Incidence and prevalence of ADRs is uncertain because of the variability in studies. For example, the setting, patient population, age, and case verification all differ in the following reported studies. The Boston Collaborative Drug Surveillance Program, established in 1966, is a pharmacoepidemiologic research programme that continues to conduct studies on pharmaceutical drug reactions in a variety of settings and patient populations. An extensive list of their publications can be accessed at http://www.bu.edu/bcdsppublications.3 Early studies of 15,438 in-patients reported an overall 2.2% reaction rate, with the highest rates causes by amoxicillin, trimethoprim-sulfamethoxazole, and ampicillin (51.4/1,000, 33.8/1,000, and 33.2/1,000, respectively).4 A 6-month French study of cutaneous allergic reactions from systemic drugs occurring in a hospital setting found a rate of 3.6 per 1,000 patients had reactions.5 A similar 10-month study in Mexico found a prevalence of 7 per 1,000 patients.6 Two studies have reported both systemic and cutaneous reactions that were confirmed by allergists in an in-patient setting. One study in Singapore reported 366 cases from 90,910 admissions, and one in Korea reported 2,682 cases among 55,432 admissions.1 Numerous other studies and meta-analyses have been reported in the literature on drug allergies for patients in various settings, on both adults and children, and on various individual medications.1,7-9

For example, the incidence of drug hypersensitivity syndrome (DHS) with anticonvulsants has been estimated at 1 in 10,000 exposures.10 Table 1 shows a list of the most common drugs that have been found to induce drug allergies.2,11-13

Table 1: Most common drugs that induce drug hypersensitivity reactions.

Multiple DHS (MDH) was first described by Sullivan et al.14 in 1989 and is defined as a drug allergy to two or more chemically different drugs, mainly antibiotics.

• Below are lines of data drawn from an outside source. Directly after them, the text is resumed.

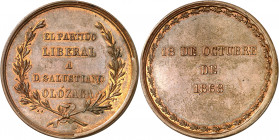 1868. Homenaje a Olózaga. Medalla. (Ruiz Trapero 769) (V. 825). Bella. Escasa. Bronce. 24,51 g. Ø38 mm. EBC+.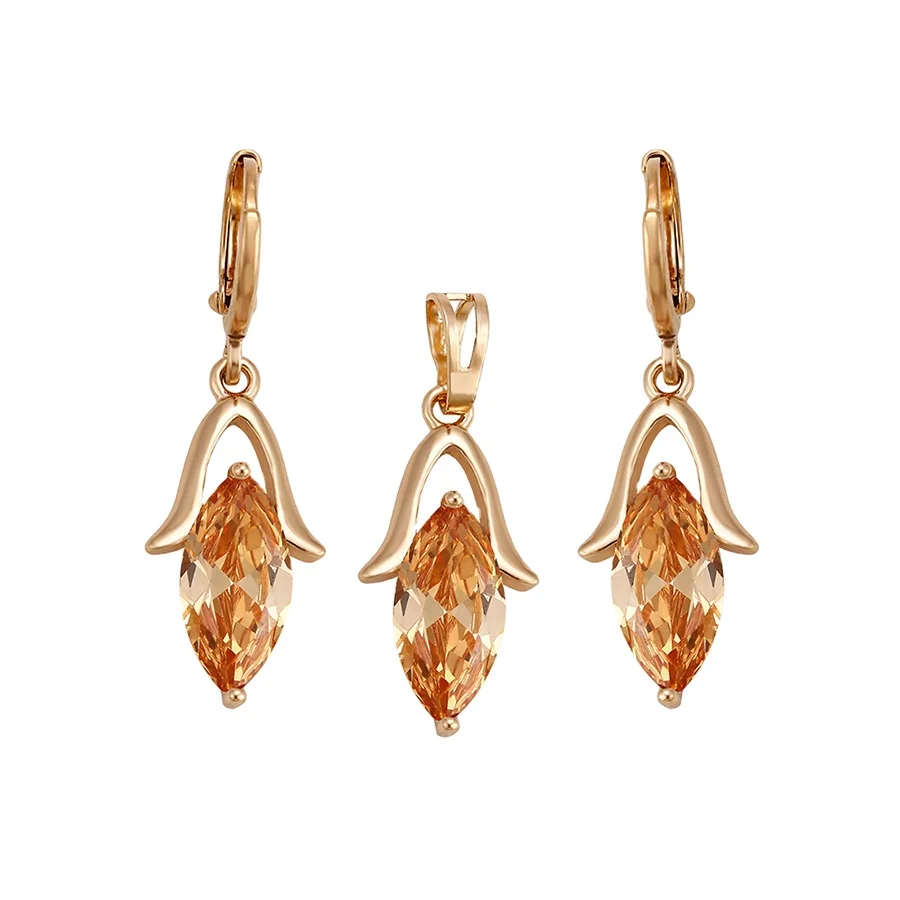 60924 xuping jewelry fashion simple exquisite a variety of colors big diamond gold plated jewelry sets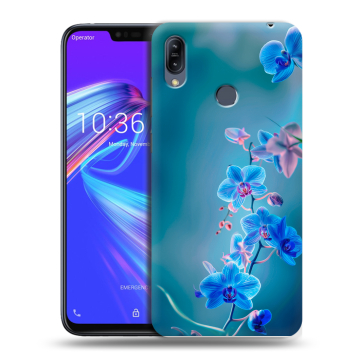 Силиконовый противоударный чехол на ASUS ZenFone Max M2 с принтом Голубые цветы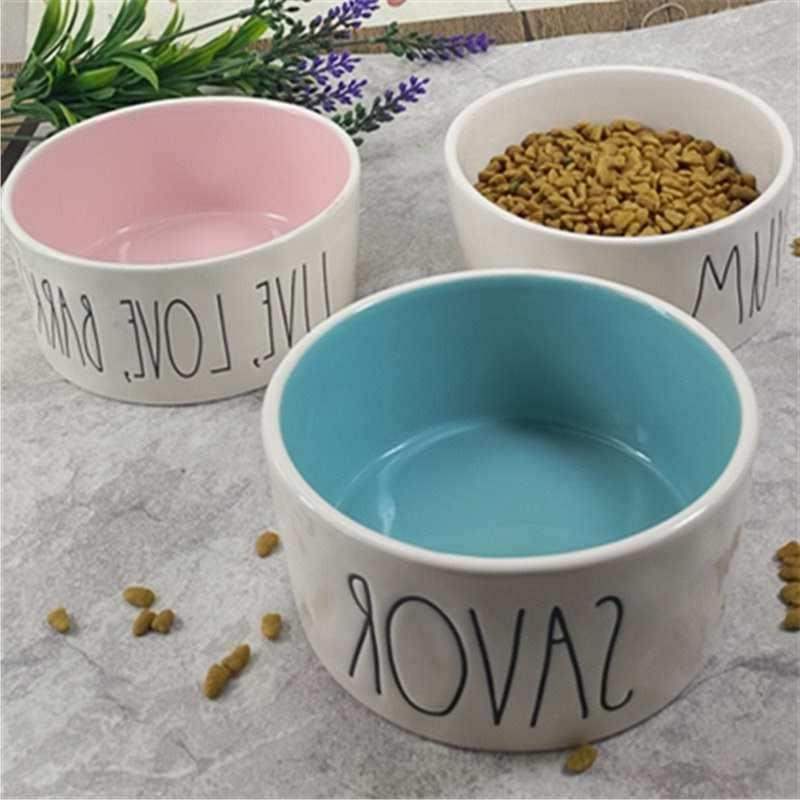 Ceramic Pet Bowl — Tilted Design for Cats & Small Dogs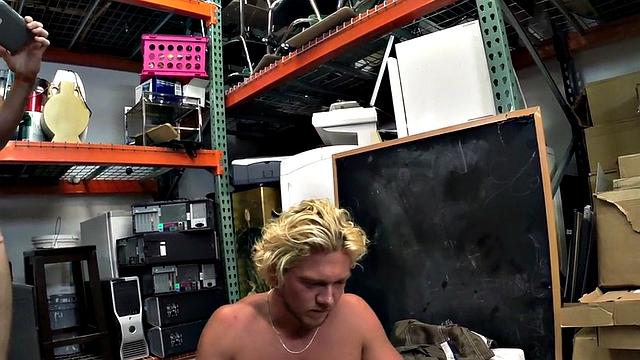 Watch these two hot blondes take turns getting their assholes drilled in the office of the store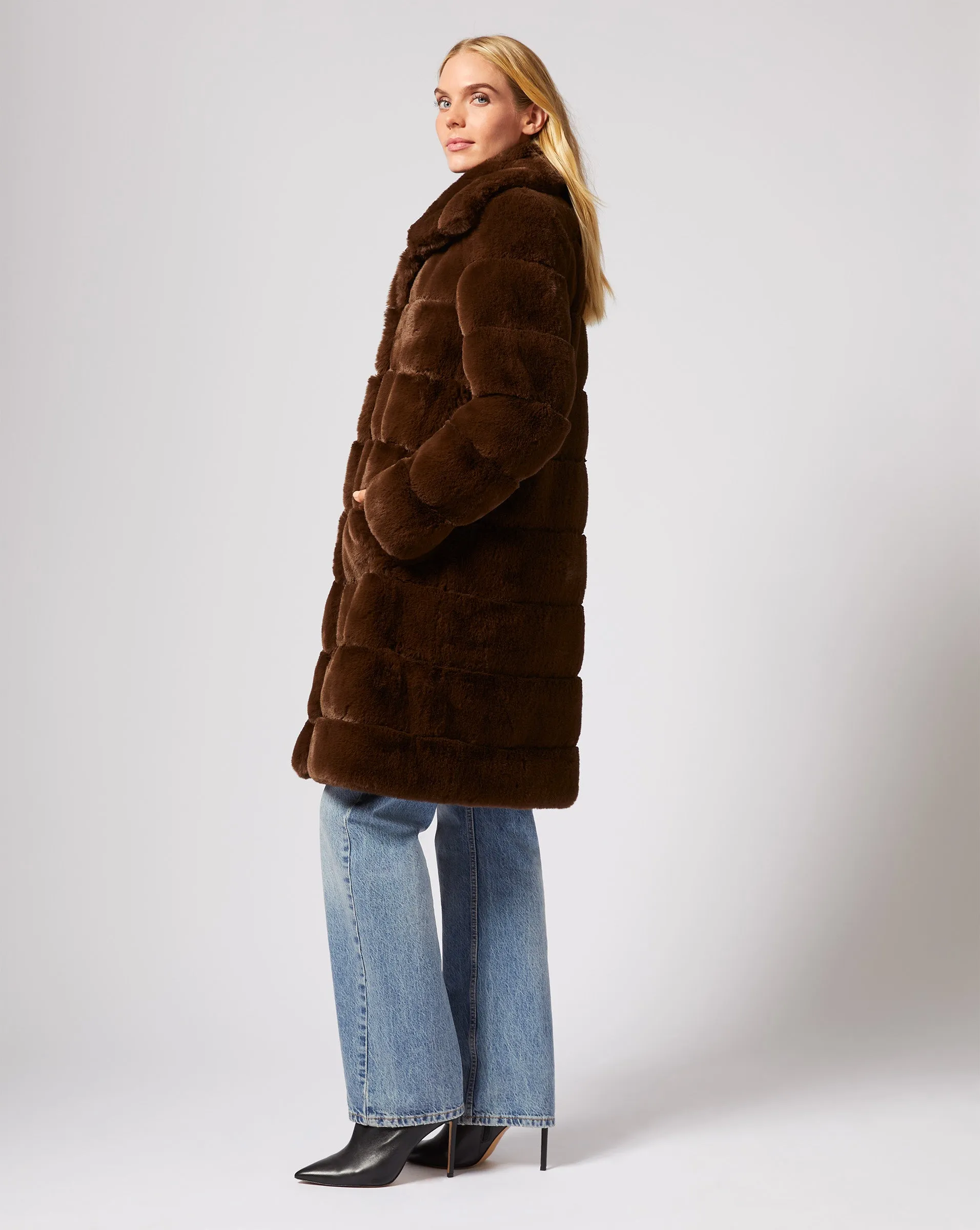 Channel Quilted Mink Faux Fur Coat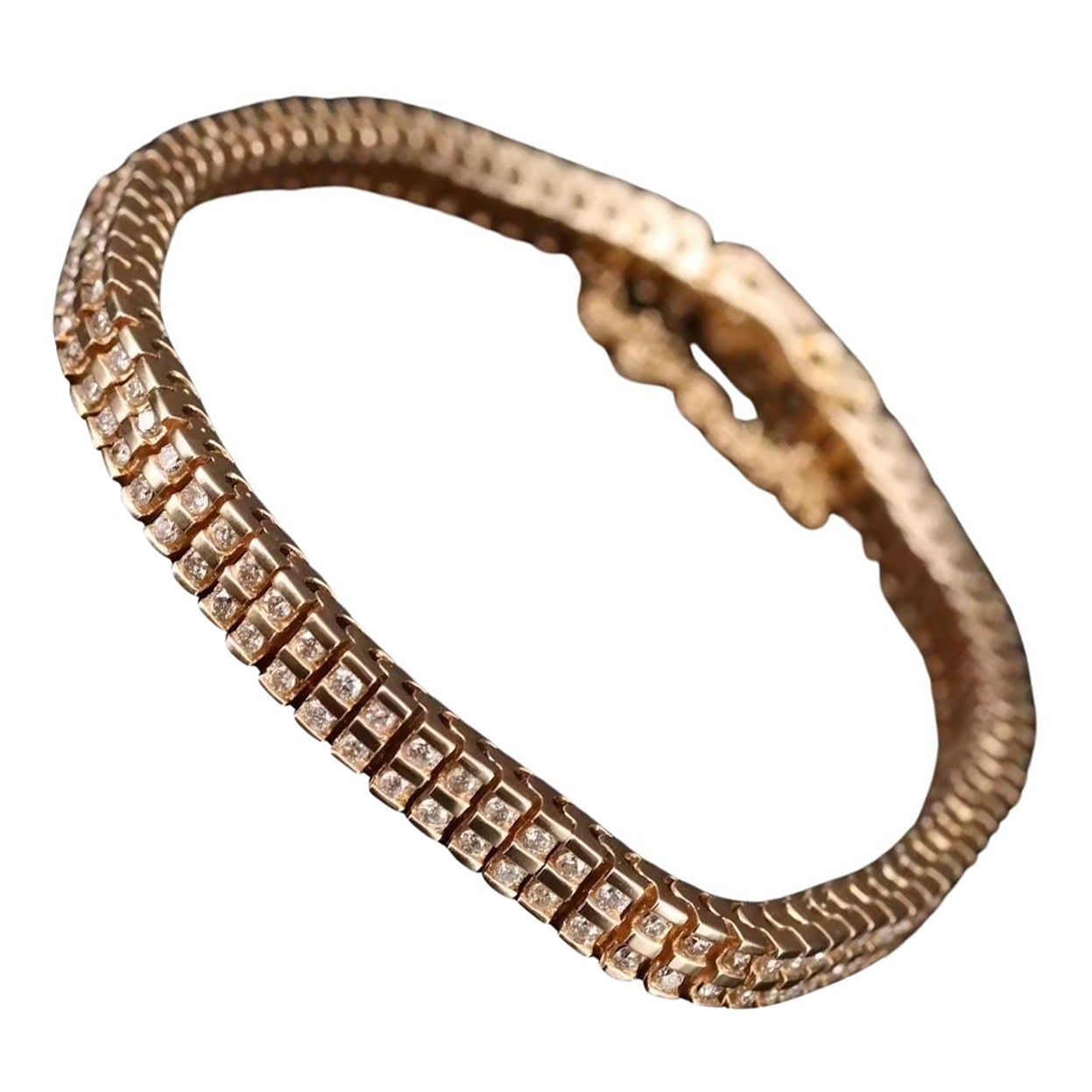 $12500 / BV Designer 2 CT Diamond Bracelet / 14K Gold For Sale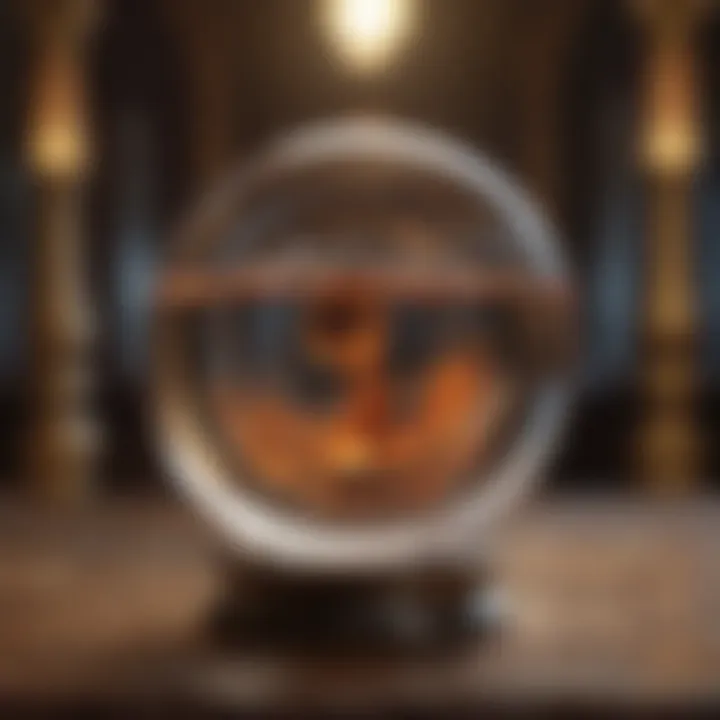 A crystal ball reflecting romantic symbols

Chiriac and Demoly15 further described the multiple drug intolerance syndrome in which patients reported “various adverse drug reactions to three or more chemically, pharmacologically, and immunogenically unrelated drugs, taken independently, and who display certain negative allergological tests.” Two subtypes of MDH syndrome were proposed by Gex-Collet et al.,16 one which develops against different drugs given simultaneously and a second which develops when sensitisations appear sequentially, sometimes years apart. Using both a skin patch test and the lymphocyte transformation test, they found sensitivity to antibiotics as well as anti-epileptics, hypnotics, antidepressants, local anaesthetics, and corticosteroids.16 Studies have shown that 1–5% of all patients with drug allergies have MDH syndrome.17

Risk factors that have been associated with ADRs can be host-related or drug-related. Host-related factors include female sex,18 concomitant diseases (such as HIV, reactivation of herpes virus, and renal or liver disease), ethnicity, polypharmacy, alcoholism, and genetic predisposition.1,19 Certain classes of drugs tend to be associated with a higher incidence of drug allergies, based upon their ability to act as a hapten, prohapten, or covalent binder to immune receptors.1 The method of drug administration can also affect the frequency of ADRs; topical, intramuscular, and intravenous (IV) methods are more likely to cause hypersensitivity reactions than oral medications.19

PATHOPHYSIOLOGY OF DRUG ALLERGIES

The pathophysiology of drug allergies is not fully understood; however, the cell-mediated immune reaction and the activation of T cells is proposed to occur through three different mechanisms:

  • The hapten/prohapten hypothesis,
  • The pharmacologic interaction with immune receptor (p-i) model
  • The altered peptide repertoire hypothesis8

According to the hapten/prohapten hypothesis, the causative drug acts as either a hapten (a small chemical molecule that forms covalent attachment to a protein), prohapten (a chemical that can be converted to a hapten), an antigen, a co-stimulatory agent, an immunogen, or a sensitogen (a chemical that can elicit hypersensitivity in humans).20,21

The drug acting as a hapten binds covalently to serum or cell-bound proteins, including peptides embedded in major histocompatibility complex (MHC) molecules.22 The chemical reaction activates the T cell, thereby initiating an immune response that can cause systemic or cutaneous reactions, and immediate or delayed side effects. Although drug–hapten complexes have been detected in vivo for a number of drugs, the exact mechanism of MHC molecule binding and T cell activation has not yet been defined.20

The p-i model was proposed by Pichler23 and is based on the direct binding of the parent drug to the T cell receptor or the human leukocyte antigen (HLA) which results in T cell activation and a subsequent immune response.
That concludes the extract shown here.